If the experiment works, it will go a long way toward resolving some of the team’s desire to capitalize on popular games. Barry Bonds hit his record-breaking 756th homerun during a midweek game that was priced low at the beginning of the season, the San Francisco Chronicle noted. As Bonds made his high-profile climb to Hank Aaron’s record, $15 tickets to the game could very well have been re-priced to four times that amount.
So far, sales in the dynamically priced section are up 20 percent compared with last year, although it’s possible the Giants’ improved performance this season is a factor.

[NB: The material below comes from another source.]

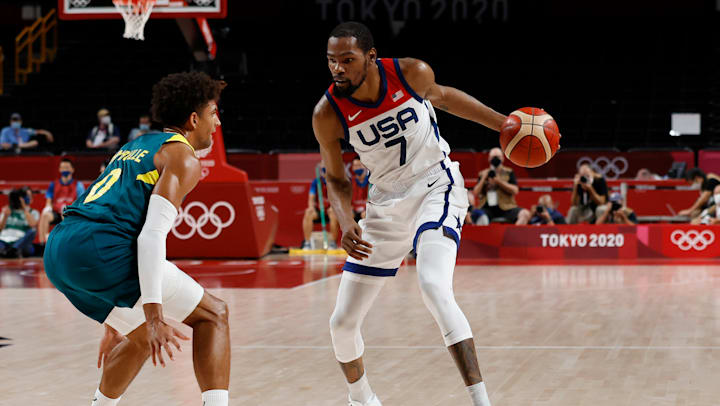 Tokio 2020 Basketbol Ssha I Franciya Sygrayut V Finale Muzhskogo Turnira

Baseball has one thing going for it that concerts do not: volume. With more than 80 games to play with, 2,000 tickets at a 41,000-capacity venue makes for a relatively manageable strategy. Baseball teams like money just as much as concert promoters do, but their pricing demands do not come from rock stars, who may not want to see their prices drop just because the audience doesn’t want to pay the price.
Then again, some artists, rather than seeing a house filled with people who were handed free tickets while walking by the arena, might want to see a little money from those seats instead.
Either way, industry players like Barry Diller and Michael Rapino have said the words “dynamic pricing.”
“We are spending immense amounts of time on dynamic pricing for airlines and hotels,” Rapino told the Wall Street Journal last year while talking about the Live Nation Tickets launch. He added that there has to be a way for the artist to make more money while “the consumer can pay less money if we can sell more tickets.”
“You had Sean Moriarty, Michael Rapino and Irving Azoff talking about Live Nation having 40 percent of their inventory unsold,” Kahn said. “At the same time, you’ve got StubHub saying about 10 percent of tickets are sold for twice face value. So when you have both of those things going on, you’ve got a ton of negative publicity with the way secondary market solutions work.
“I think we’re looking at a lot of organizations on the music side needing to reevaluate what they’re doing and how they can provide a better ticket-buying experience for the fans,” he said.
Charlie Walker of Austin-based promotion company
For the AT&T Park venture, Qcue partnered with Tickets.com, the ticketing service owned by Major League Baseball, which applied Qcue’s technology to its prices. Tickets.com has provided Qcue with necessary data, and Qcue has updated bleacher prices with a click of the button.
“When a concert promoter working with a venue needs to go change his prices, that actually has to be done with the venue operator,” Kahn said. “They’re the one who controls the ticketing system. We actually have a way, using our system, to give the concert promoter direct control over his prices.”
Depending on feedback from the onsale, a promoter could hike up or drop ticket prices at the click of a button, Kahn noted. There could also be more control over inventory before it appears on eBay.
“Obviously, the goal here, whether it’s sports or music, is to make sure this enhances the fan experience and is to be able to get people fairly priced tickets instead of what’s going on today,” Kahn said. “It would be foolish to say the music industry isn’t a different animal than the sports industry. We have to be careful how we do it.
“We’re taking our time to make sure we do it right.”